Sept. 27, 2002--University of Delaware researchers, Elias and Wayne Westerman, UD visiting assistant professor of electrical and computer engineering, have developed a technology that goes well beyond the mouse and mechanical keyboard. The FingerWorks name fits because the technology uses a touch pad and a range of finger motions to communicate commands and keys to the computer. To open a file, you rotate your hand as if opening a jar; to zoom or de-zoom, you expand or contract your hand.

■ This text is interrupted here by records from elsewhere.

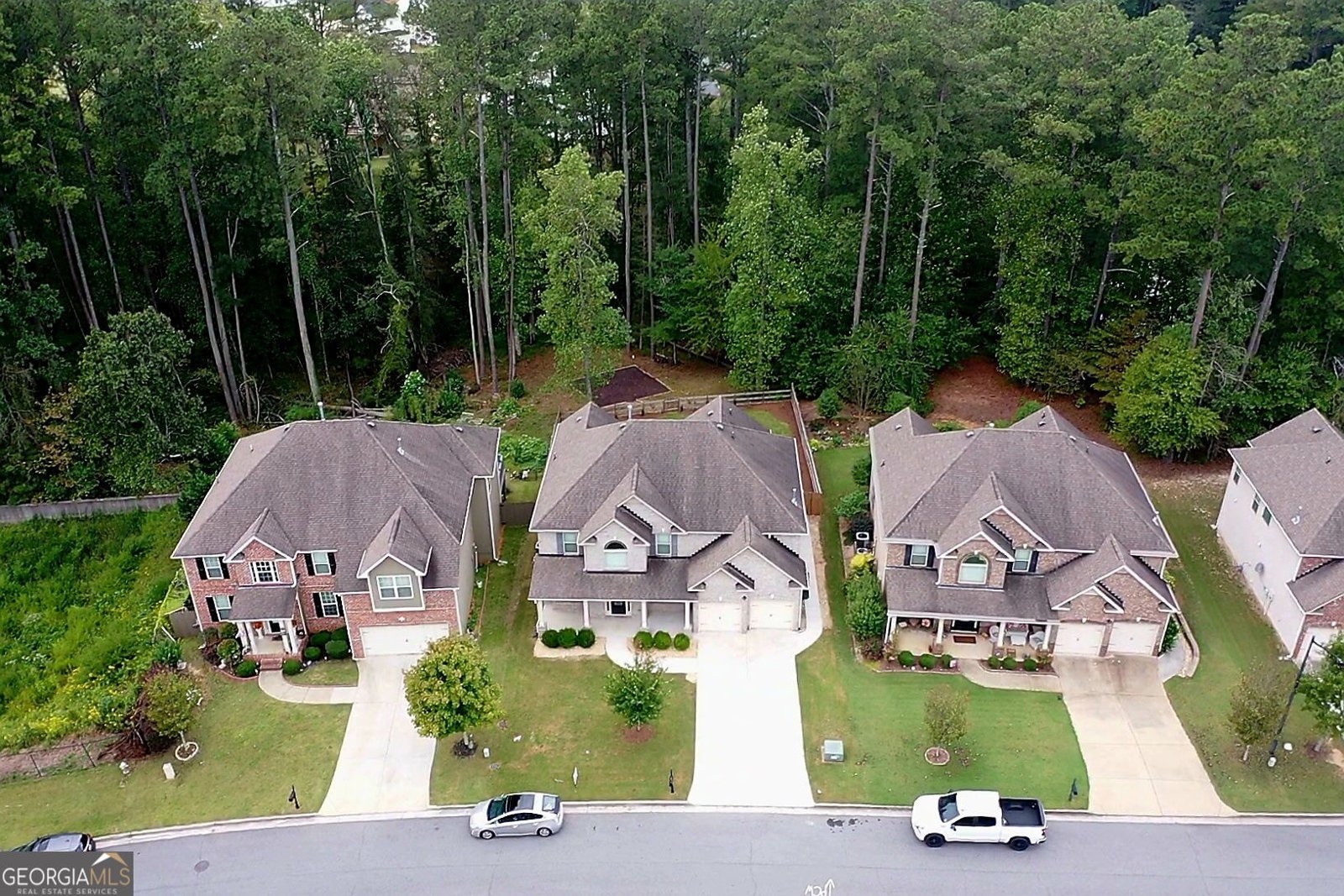 184 CLUBHOUSE Crossing Acworth - 6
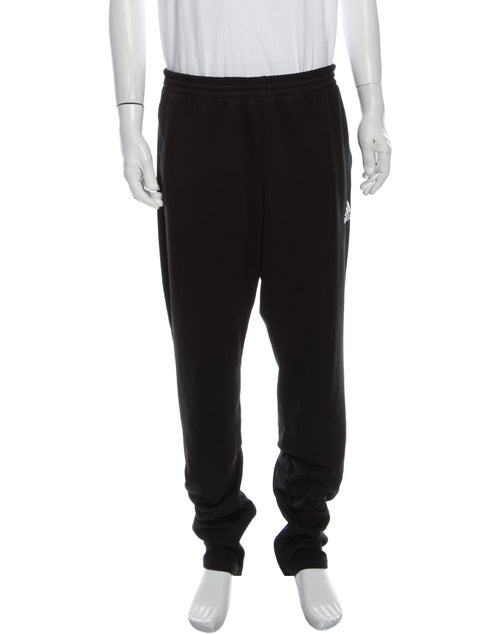 Adidas Joggers Black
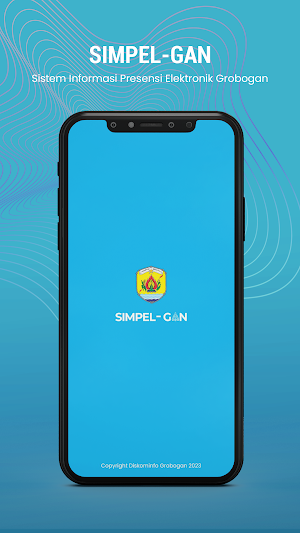 SIMPEL-GAN Screenshot 0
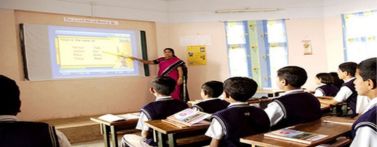 DIGITAL LEARNING
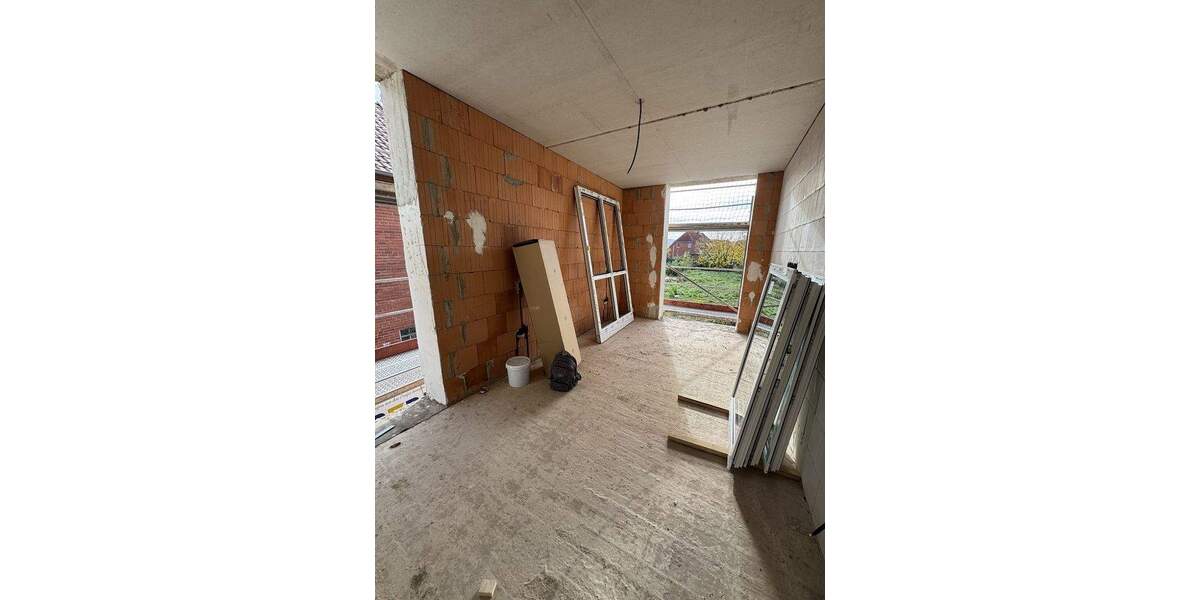 Reihenmittelhaus Stadthagen / Habichhorst Reinsen - 5 Zimmer, 148 m&sup2;, 359.000&euro; | Angebot:25741835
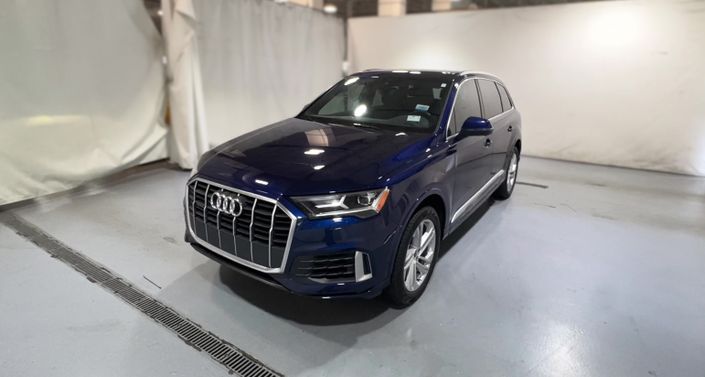 Thumbnail: 2021 Audi Q7 - 1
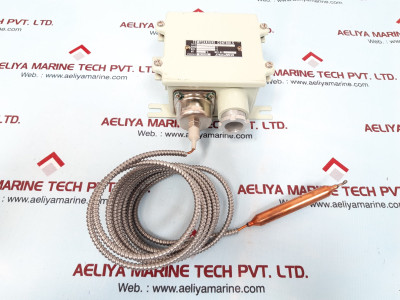 Saginomiya Tps-k2100Wl3Q Temperature Controller 40~100 ÂºC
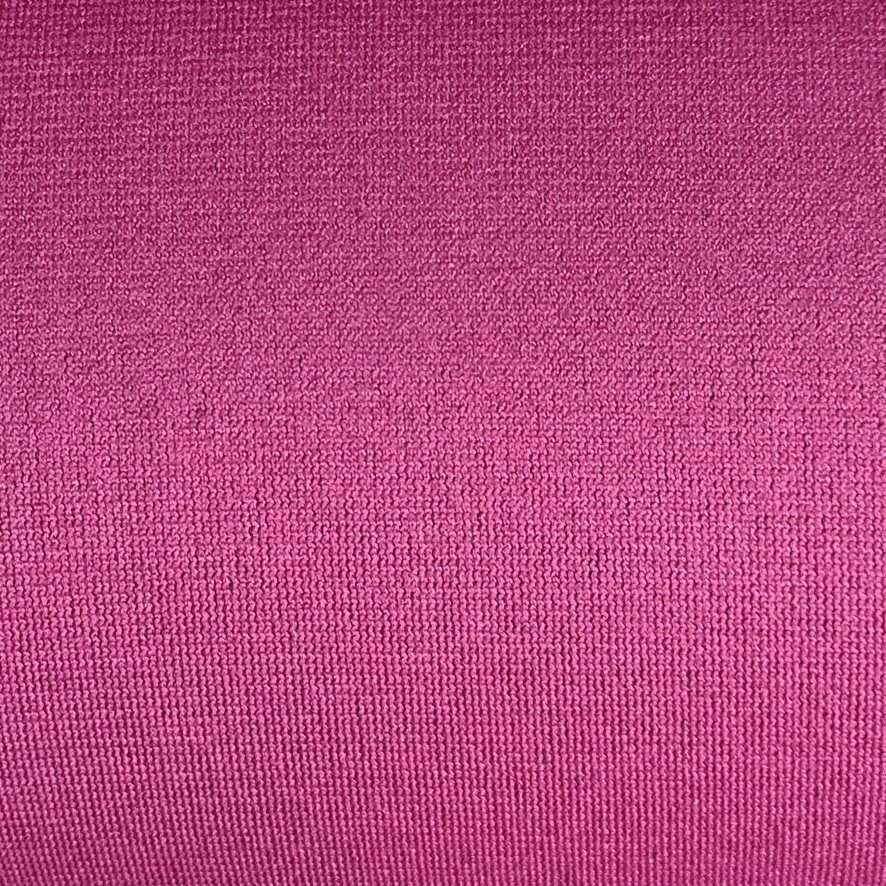 Neoprene 8 mm, Fabric on Both Sides, Factory Order of Whole approx. 200cm by 120 cm sheet Fuchsia fabric (559)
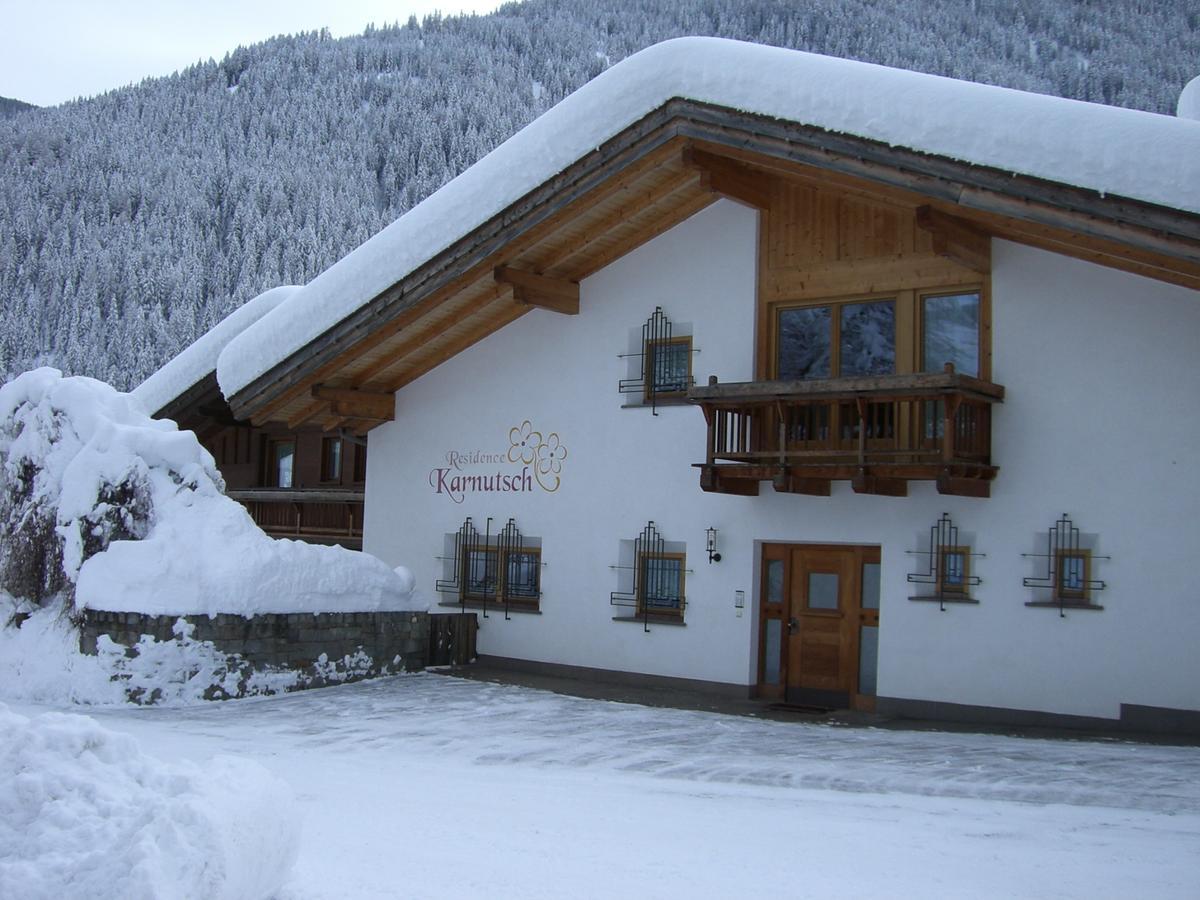 Residence Karnutsch St. Walburg Exterior foto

Elias said the communication power of their system is “thousands of times greater” than that of a mouse, which uses just a single moving point as the main input. Using this new technology, two human hands provide 10 points of contact, with a wide range of motion for each, thus providing thousands of different patterns, each of which can mean something different to the computer. This is not just a little step in improving the mouse, this is the first step in a new way of communicating with the computer through gestures and the movements of your hands. This is, after all, one of the ways humans interact. By mimicking these simple hand gestures, technology and the computer will become an integral part of our lives if it already isn’t.I think that this invention/evolution changes the way people make use of what was once the keyboard and will be, in the near future –a touch pad which fits like a glove and works by simulating common-sensical hand gestures to operate the computer. The computer also is transformed from what was merely a CPU, a monitor and a keyboard, is now a clear screen whereby images are projected onto it, seemingly like magic, with pictures plucked out from nowhere. Maybe one day, we would wake up to a “world” like that of Minority Report, whereby a very complex gestural language between man and machine exists.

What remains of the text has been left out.